On the other hand, having these resources there do require a bit more work in preaching. Our preaching has to be done in a smart way. Unlike “easier” situations for preaching, congregations that are largely similar and everything we say is like “preaching to the choir,” one cannot get away with saying lazy answers or half-truths when those listening are well-informed and diverse. If everyone is conservative in the parish, you could get away with preaching about how there are abuses to the welfare system and the best way to help the poor is to make them “help themselves.” Popular, but not the Gospel. If everyone in the parish is liberal, you could get away with preaching that the entire reason people are poor is because of corporate greed and the top 1% of wealth-owners. Popular, but also not the Gospel. When a parish has the parishioners that St. Francis does, knowledgable and well-connected, and given the issues many have had with their previous churches, overwhelmingly diverse when it comes to the conservative/liberal scale, it can only be successful if it preaches carefully and invites all to the table.

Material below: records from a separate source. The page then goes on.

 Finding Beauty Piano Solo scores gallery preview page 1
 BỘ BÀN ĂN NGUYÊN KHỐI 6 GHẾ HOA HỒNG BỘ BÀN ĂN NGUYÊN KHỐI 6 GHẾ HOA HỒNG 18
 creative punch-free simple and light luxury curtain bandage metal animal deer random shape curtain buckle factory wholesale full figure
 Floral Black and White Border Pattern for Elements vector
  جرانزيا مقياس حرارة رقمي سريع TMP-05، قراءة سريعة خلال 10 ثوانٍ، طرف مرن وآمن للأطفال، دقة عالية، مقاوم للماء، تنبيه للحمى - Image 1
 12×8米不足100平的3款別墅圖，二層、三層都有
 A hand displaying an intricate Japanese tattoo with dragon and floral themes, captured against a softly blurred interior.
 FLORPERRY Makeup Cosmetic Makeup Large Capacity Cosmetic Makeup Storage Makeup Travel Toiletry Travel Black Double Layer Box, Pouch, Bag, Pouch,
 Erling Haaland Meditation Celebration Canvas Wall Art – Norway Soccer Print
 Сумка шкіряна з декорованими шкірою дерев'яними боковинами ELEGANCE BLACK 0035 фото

I saw this first hand working with the Care of Creation Committee on Pope Francis’ Laudato Si and the Economics Committee on wealth inequality. Both issues are very controversial. Both have the possibility of alienating parishioners. And yet arch-conservatives and flaming liberals (and of course, us normal people in between!) were able to come together, challenge one another, and not leave the conversation by flipping the table and storming off. Why? Because the conversation was incredibly intelligent, and more importantly, involved people that knew that the real answer had to include everyone. Is this a difficult environment to preach in? You bet.

As a result, though, St. Francis is the most successful parish I know of in actually making a difference in social justice issues. How successful? While many churches have a food pantry and outreach program, which St. Francis does, it also has seven different Action and Advocacy groups. The Anti-Human Trafficking group, for instance, is so well-organized and ahead of the curve that two representatives of the parish were asked to present on effectively organizing a parish-run social action group at the Anti-Humam Trafficking conference organized by the United State Conference of Catholic Bishops a few weeks ago. That’s no small potatoes! It is a certified Green Faith parish, an active community organizer through the Virginians Organized for Interfaith Community Engagement (V.O.I.C.E.) organization, a major supporter of respect for life issues (a committee that includes but goes beyond abortion in its defense of the dignity of human life), and… well, you’re probably tired of me shamelessly selling this parish by now. But you get the point: it is a successful parish.

So, is it tough to preach there? No, yes, and ultimately, it’s a faulty question. Because, really, shouldn’t it always be tough to preach somewhere? The Gospel is not easy to follow. It’s challenging. If it seems easy to preach and everyone agrees with what we’ve said, well then maybe we haven’t preached well. If we have picked a side and given people what they want, haven’t we also failed to be bridge-builders to those on the other side? Maybe we haven’t challenged our congregations, or maybe we haven’t challenged ourselves. At St. Francis, one can understand the apprehension to preach and its reputation, given the congregation. For me, though, that’s what all preaching should be, and I loved the opportunity to take part and the excitement of knowing that, if the Lord chose to work through me, and if I took the time to actually listen, I could effect change in the world in a way not possible other places. For me, that’s a tough situation, but not for the reasons some might thinks.